Sometime during my high school years, John’s brother Bryan took over as youth pastor. He had a crazy idea; the youth should help to lead Heirborne. He chose a group of us and called us the SALT team (Student Action Leadership Team). Just the fact that Bryan had chosen me sent me an important message. I had value. I didn’t have to be like anyone else. I could be myself, and I could be an important member of the team. Bryan and his wife Marcey helped me to realize my worth.
We would meet once a week to pray and plan the next youth meeting. We would take turns being responsible for different parts of the service – offering, announcements, and the teaching.
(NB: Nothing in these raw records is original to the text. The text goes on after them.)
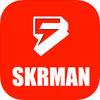 SKR���˰�׿��
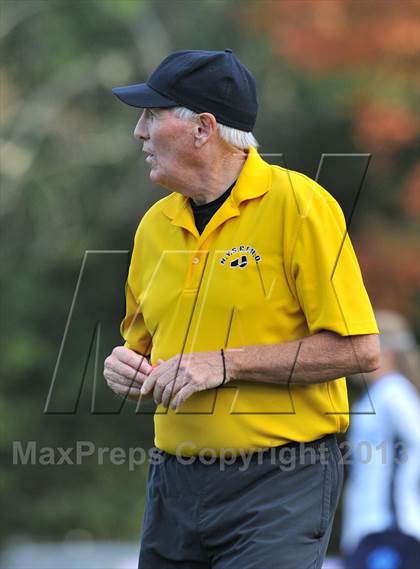Thumbnail 2 in Harrison @ Ursuline photogallery.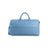 Rick Ross Duffle Bag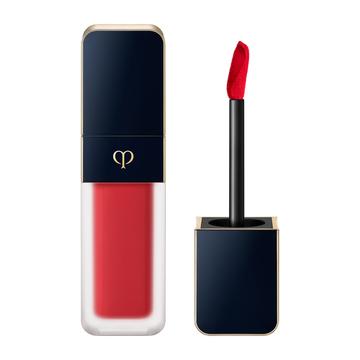 cle de peau BEAUTE（クレ ド ポー ボーテ） 資生堂 クレ ド ポー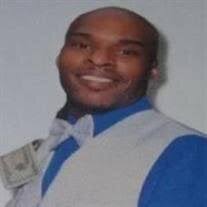 Henry Lee Whiteside III Obituary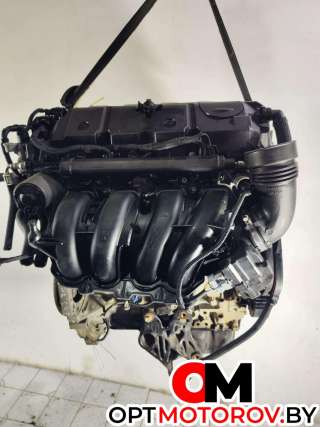 Двигатель  MINI Cooper R56 1.4  Бензин, 2008г. N12B14A  - Фото 6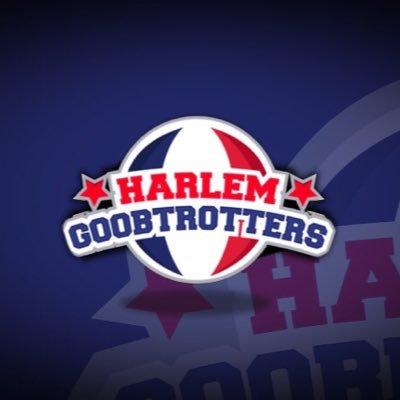 IPPA_2K's tweet photo. @GoobTrotters Roster :
• @Martini7Dimes 
• @asapaiken 
• @URGuilty94 
• @Veloneer 
• @Kriistaps_ 

Good Luck ! https://t.co/OoYng7BQxf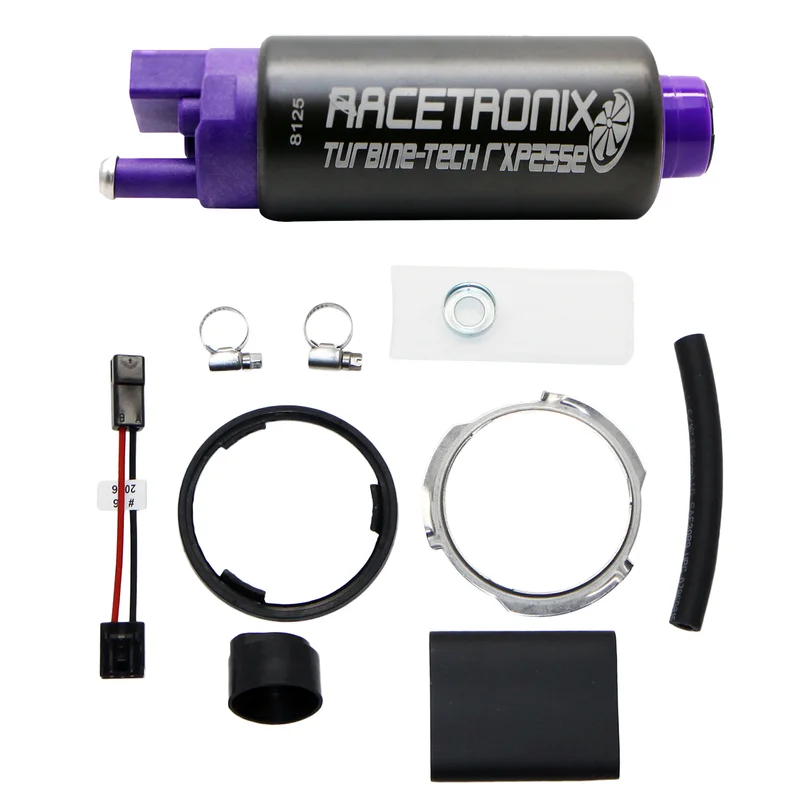 racetronix3639890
We would brainstorm wild ideas for skits or fun games that would illustrate the main point of the teaching. I found myself up front speaking, teaching, or even dressed in crazy costumes doing ridiculous skits. Talk about being out of my comfort zone!
Just the fact that I was able to get up in front of a group of people and talk was MIRACULOUS!
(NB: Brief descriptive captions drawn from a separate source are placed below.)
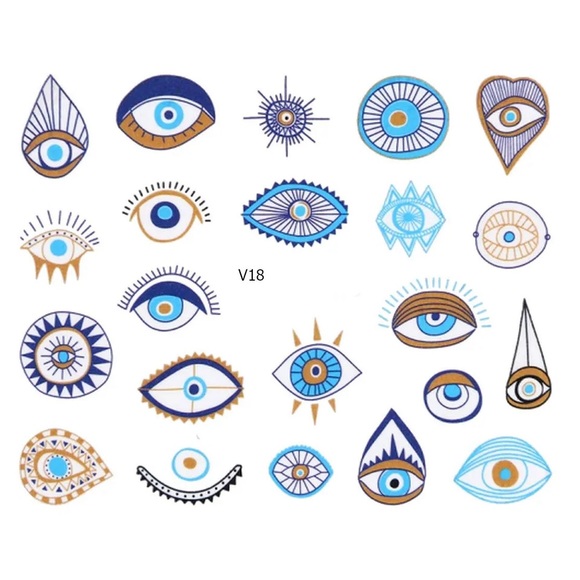 hamsa711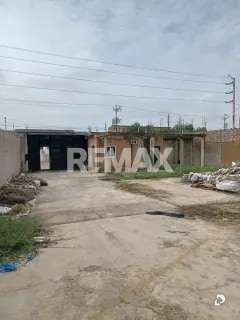 Galpón en Barrio Rafael Urdaneta, Maracaibo – 13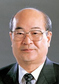 동의학원 김임식 이사장 별세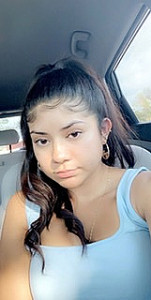 Profile photo for Eloysa Zarate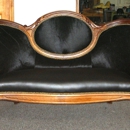 Mags Upholstery Inc. - Upholsterers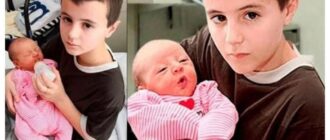 Глобальное сообщество было шокировано неожиданной новостью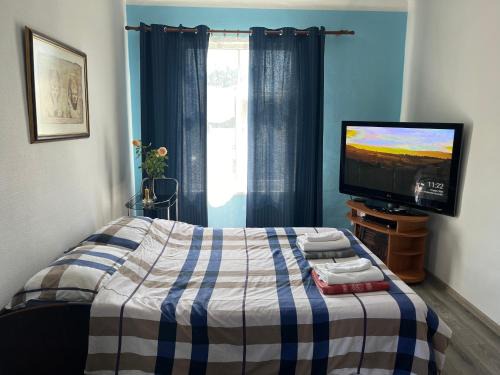 Latgale Apartment | Dzērves apartamenti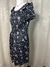 VESTIDO ANTIX MORCEGOS (G) - loja online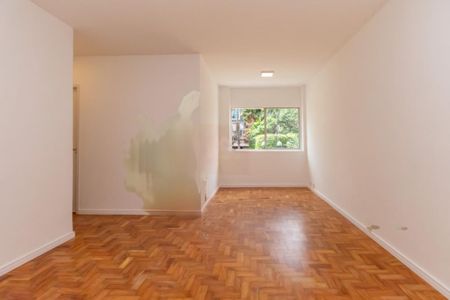 Apartamento à venda com 76m², 2 quartos e sem vaga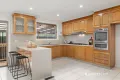Property photo of 12 Beccia Avenue Epping VIC 3076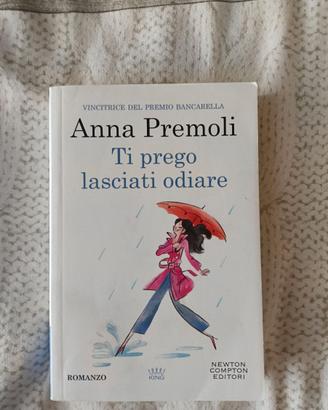 Libri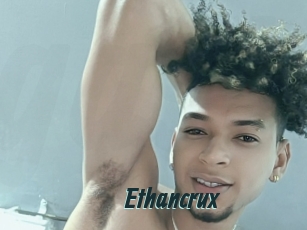 Ethancrux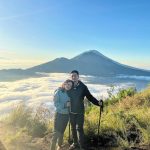 Mount Batur sunrise Hike & Hotspring (4)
Once I was chosen to portray a “party girl” in a skit. It was supposed to be a game show that had many different types of people answering the questions. I would have never chosen this character for myself, being just the opposite of a “party girl.” Yet I was determined to do the best job that I could. I wore the closest thing to a mini skirt that I owned (which really was practically down to my knees). A friend teased my hair until it was perfect 80s “big hair”. I got out there with all the other crazy characters and acted as loud and obnoxious as I could, yelling out about wanting a case of “Red Bull.”
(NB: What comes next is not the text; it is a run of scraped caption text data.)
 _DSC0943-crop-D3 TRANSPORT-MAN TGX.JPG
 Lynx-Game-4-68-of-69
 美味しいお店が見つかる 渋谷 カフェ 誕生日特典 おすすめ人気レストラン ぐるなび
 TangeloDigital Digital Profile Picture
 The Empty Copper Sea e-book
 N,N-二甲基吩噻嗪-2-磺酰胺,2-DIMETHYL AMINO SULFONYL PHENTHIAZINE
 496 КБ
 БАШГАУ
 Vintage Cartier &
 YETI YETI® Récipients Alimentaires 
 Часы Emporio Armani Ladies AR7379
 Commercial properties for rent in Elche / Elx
I felt absolutely ridiculous, yet there was no fear! I wasn’t worried about being rejected by the other teens at youth that night. I was just having fun and hoping that I could help the other teens have fun, feel a part of the group, and learn about God. I stopped thinking about myself and began to want to be a blessing to others. Fear became less and less a part of my life as I graduated High School and did missions with Youth With A Mission. Preaching in front of others and meeting new people from all over the world became exhilarating.
I came back from YWAM and married that kid on the skateboard, Chris Brandenburg. After a year of working and being youth leaders, we moved to Colorado Springs. We became part of a small church, but after 7 years I experienced the biggest rejection of my life.
I had always dealt with the FEAR of rejection but now what I had dreaded had come upon me. The church (which was comprised of our leaders, closest friends, and spiritual family – almost our ENTIRE support network there in Colorado), kicked us out. The main leader, Mary, told Chris that we could no longer be part of the church because of MY iniquities. She said that I was interfering with their prayers. She said I was holding Chris back from his destiny and that I was not the woman that God had wanted him to marry. She said that I would one day leave him. Once that happened, Chris could return to the church. Imagine hearing these words from someone you honored and respected as your leader. I honored and respected Mary, but I also feared her. Mary had spoken harsh words to me before. I had tried my best to follow God, yet she was always able to find something about me to criticize. I remember thinking, “I will never be free until Mary dies.” Isn’t that horrible?
Thankfully Mary didn’t have to die for me to be free from fear. She just had to reject me, and God began to set me free!
I sought God like never before and do you know what I realized?
All of His words to me were good!
He loved me, more that I could take in or comprehend!
He delighted in me and actually liked me!
He gave me so much joy, more than I had ever had before!
He began to show me that the church that had rejected me did not have His heart. Rather, they were working for the Accuser of the Brethren. I am sure that the enemy of my soul, that dirty rotten liar of an accuser had a plan that he thought was fool proof. He would link my heart and my identity to this little church and then turn them against me. I would finally suffer the dreaded REJECTION and receive a mortal wound that would fester until the bitterness had consumed me.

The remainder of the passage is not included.